Private sector implores APNU to meet gov’t on Amaila project

-Greenidge sees little usefulness

The Private Sector Commis-sion (PSC) is calling on the main opposition, APNU to take up President Donald Ramotar’s offer to recommence talks on the Amaila Falls Hydro Project in good faith and in the national interest.

This it said in a media release sent out yesterday. It noted that on Saturday last President Ramotar invited Opposition Leader David Granger to have an APNU team sit down face to face with the Government team which has negotiated the project and once and for all settle these issues and to publicly communicate the meeting’s outcome.

It was the latest in a series of efforts to salvage the project but they seem to be going nowhere as APNU has maintained the position that many questions are unanswered and more documents have to be provided. APNU’s opposition to two Amaila measures in parliament led to Sithe Global walking away from the US$858M project.

Carl Greenidge
Carl Greenidge

“The Private Sector believes the President’s offer to be fair and reasonable and a genuine effort on the part of the President to seek consensus on the hydro project,” said the PSC in the statement.

“It is the PSC’s clear understanding that APNU is still of the opinion that the Amaila Falls project will lead to unsustainable debt and will not result in a reduction in electricity tariffs. We believe that the only fair and reasonable way  to address these concerns is for APNU to engage the President’s offer. We wish, therefore, to encourage Mr. Granger to accept the offer,” said the PSC statement.

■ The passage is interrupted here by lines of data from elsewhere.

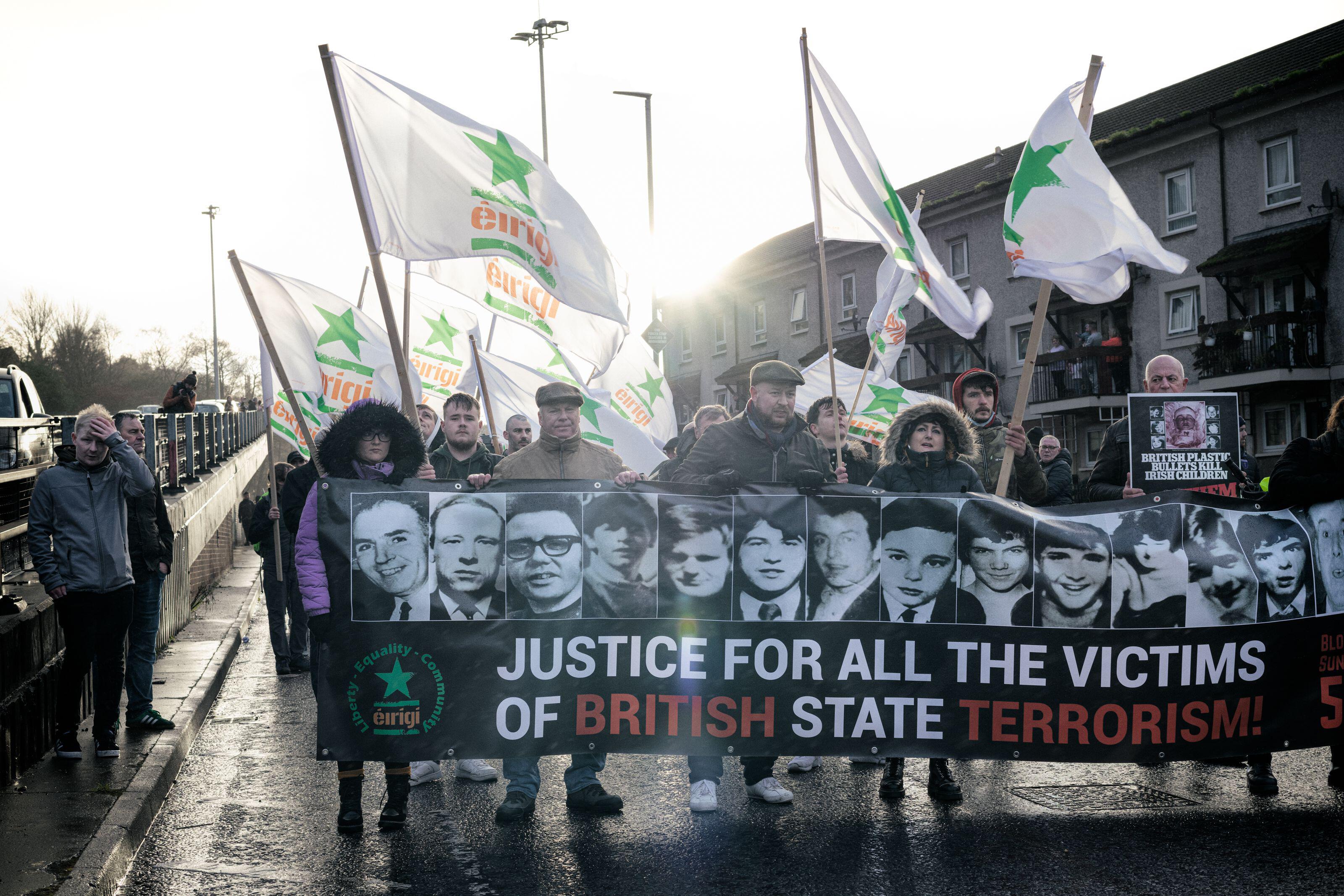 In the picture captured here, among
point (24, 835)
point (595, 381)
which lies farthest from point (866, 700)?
point (595, 381)

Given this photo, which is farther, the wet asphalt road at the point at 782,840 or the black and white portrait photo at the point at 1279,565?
the black and white portrait photo at the point at 1279,565

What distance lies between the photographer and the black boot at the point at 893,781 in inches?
238

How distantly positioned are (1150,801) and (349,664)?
Result: 3.78m

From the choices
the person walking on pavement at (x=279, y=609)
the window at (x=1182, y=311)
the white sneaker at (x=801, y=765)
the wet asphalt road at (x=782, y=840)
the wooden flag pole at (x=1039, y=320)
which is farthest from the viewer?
the window at (x=1182, y=311)

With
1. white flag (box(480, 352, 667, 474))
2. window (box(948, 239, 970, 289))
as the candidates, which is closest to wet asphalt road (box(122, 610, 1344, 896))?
white flag (box(480, 352, 667, 474))

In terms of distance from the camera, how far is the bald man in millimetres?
7059

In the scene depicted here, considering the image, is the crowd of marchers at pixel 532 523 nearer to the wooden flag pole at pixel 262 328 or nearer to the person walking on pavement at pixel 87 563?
the person walking on pavement at pixel 87 563

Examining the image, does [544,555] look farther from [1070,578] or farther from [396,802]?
[1070,578]

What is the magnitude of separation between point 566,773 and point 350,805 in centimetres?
103

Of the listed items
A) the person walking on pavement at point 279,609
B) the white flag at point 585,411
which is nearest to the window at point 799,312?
the white flag at point 585,411

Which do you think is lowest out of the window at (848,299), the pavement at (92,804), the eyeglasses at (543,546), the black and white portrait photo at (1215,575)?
the pavement at (92,804)

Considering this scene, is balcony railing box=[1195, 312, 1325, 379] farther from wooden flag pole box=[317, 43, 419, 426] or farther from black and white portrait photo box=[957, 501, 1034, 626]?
wooden flag pole box=[317, 43, 419, 426]

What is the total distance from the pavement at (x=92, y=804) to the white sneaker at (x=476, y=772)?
1527 millimetres

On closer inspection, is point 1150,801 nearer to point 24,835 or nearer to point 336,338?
point 24,835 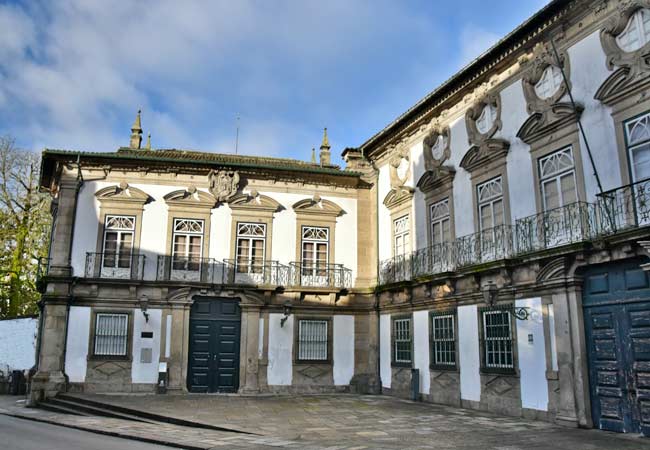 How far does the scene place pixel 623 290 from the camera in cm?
988

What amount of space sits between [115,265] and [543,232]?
11.9 m

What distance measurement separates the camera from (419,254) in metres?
15.7

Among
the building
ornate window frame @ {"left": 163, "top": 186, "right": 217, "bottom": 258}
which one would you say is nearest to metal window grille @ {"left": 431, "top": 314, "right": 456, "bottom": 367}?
the building

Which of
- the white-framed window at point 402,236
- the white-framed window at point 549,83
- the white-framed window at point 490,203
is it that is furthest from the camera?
the white-framed window at point 402,236

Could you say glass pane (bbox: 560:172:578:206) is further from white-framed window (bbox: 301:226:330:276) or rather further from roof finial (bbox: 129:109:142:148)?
roof finial (bbox: 129:109:142:148)

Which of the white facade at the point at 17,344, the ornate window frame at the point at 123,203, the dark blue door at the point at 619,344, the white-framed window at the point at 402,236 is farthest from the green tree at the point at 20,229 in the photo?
the dark blue door at the point at 619,344

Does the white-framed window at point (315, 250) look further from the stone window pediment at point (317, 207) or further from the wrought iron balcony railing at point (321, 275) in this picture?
the stone window pediment at point (317, 207)

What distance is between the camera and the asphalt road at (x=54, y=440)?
8500 mm

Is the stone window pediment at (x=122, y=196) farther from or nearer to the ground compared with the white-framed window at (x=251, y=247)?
farther from the ground

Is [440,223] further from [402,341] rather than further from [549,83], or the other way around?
[549,83]

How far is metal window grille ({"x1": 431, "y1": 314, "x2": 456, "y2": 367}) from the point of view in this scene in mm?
14102

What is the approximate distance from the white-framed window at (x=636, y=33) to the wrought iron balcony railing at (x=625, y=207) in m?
2.50

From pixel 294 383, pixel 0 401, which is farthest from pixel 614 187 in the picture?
pixel 0 401

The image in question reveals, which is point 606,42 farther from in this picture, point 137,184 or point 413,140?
point 137,184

“It has been the consistent position of APNU that the Government has failed to provide the Opposition with all of the information needed to arrive at an informed decision while at the same time criticising the project. What better way, therefore, to resolve APNU’s concerns than meeting with the Government’s negotiating team, with nothing withheld and everything on the table,” the statement said.

“We believe that much harm has been done to the project by the peddling in the media of uninformed opinions by self-styled pundits who have based their analyses on outdated or incomplete information. We felt that this project is too vital for the future of our nation to allow such spurious analyses to determine its fate,” said the PSC.

However, in a comment to Stabroek News last night, APNU’s chief spokesman on economic issues Carl Greenidge said that while the party is not opposed to meeting, it sees little benefit of doing so if the purpose of the meeting is to say how important the project is to Guyana or how nice a person the President is.

Referring to a letter that he penned in the Sunday Stabroek of August 18, 2013, Greenidge said that APNU would not be prepared to move forward on the issue unless the conditions set out in that letter were met by the Government.

These include the publishing of all the MOUs and agreements signed and licences awarded to individuals and entities in relation to hydroelectric and river basin development; that the role of NICIL is restricted to the activities for which it was originally established and ensure that it is equipped with competent staff and managers; that the financial package for Amaila arrangements must include measures to raise capital from the domestic private sector and the Guyana diaspora, for example, investment bonds.

Greenidge’s letter said too that Government must include in the package a specific undertaking to reduce the tariff to domestic consumers and to industry in keeping with the planned fall in the cost of power generation. He also called for the cancellation of  the licence for Amaila and the re-awarding of it via a process which should be publicised.

Sithe Global has informed this newspaper that as a result of their announced pull out from the project, they are no longer funding third party costs associated with the due diligence studies by the China Development Bank (CDB) and Inter-American Develop-ment Bank (IDB) and as such these two institutions are no longer processing any loans for this project. Altogether these two institutions would have been providing over US$600 million in loan financing for the Amaila Falls Hydroelectric project.